Data provided:
+++

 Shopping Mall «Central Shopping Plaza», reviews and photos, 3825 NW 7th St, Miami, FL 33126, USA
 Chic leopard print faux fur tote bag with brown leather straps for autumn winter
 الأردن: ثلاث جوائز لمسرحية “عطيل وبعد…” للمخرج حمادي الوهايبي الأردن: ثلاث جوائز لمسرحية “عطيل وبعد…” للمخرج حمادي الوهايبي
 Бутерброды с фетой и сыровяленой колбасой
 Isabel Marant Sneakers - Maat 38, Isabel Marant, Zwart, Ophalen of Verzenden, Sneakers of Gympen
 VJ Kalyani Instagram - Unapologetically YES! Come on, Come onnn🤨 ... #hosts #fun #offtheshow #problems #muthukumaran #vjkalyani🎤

+++

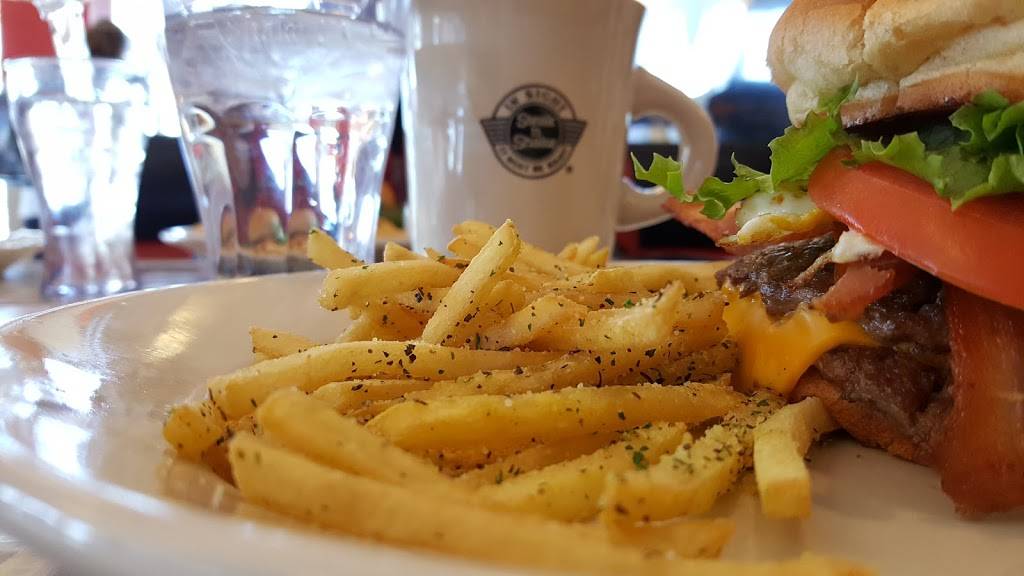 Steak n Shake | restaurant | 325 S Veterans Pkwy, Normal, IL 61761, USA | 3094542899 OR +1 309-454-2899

+++

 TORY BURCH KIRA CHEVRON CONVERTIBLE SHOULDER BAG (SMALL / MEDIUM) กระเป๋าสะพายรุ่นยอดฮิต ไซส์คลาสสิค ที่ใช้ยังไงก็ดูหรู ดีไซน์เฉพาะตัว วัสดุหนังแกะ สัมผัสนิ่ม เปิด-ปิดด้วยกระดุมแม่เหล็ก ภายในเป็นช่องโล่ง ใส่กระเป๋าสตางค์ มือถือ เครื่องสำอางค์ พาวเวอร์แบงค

+++

Task details: Copy the lines above exactly, beginning at the line that has "Isabel Marant Sneakers" and stopping after the line that has "VJ Kalyani Instagram", and omit the rest.

Your response:
 Isabel Marant Sneakers - Maat 38, Isabel Marant, Zwart, Ophalen of Verzenden, Sneakers of Gympen
 VJ Kalyani Instagram - Unapologetically YES! Come on, Come onnn🤨 ... #hosts #fun #offtheshow #problems #muthukumaran #vjkalyani🎤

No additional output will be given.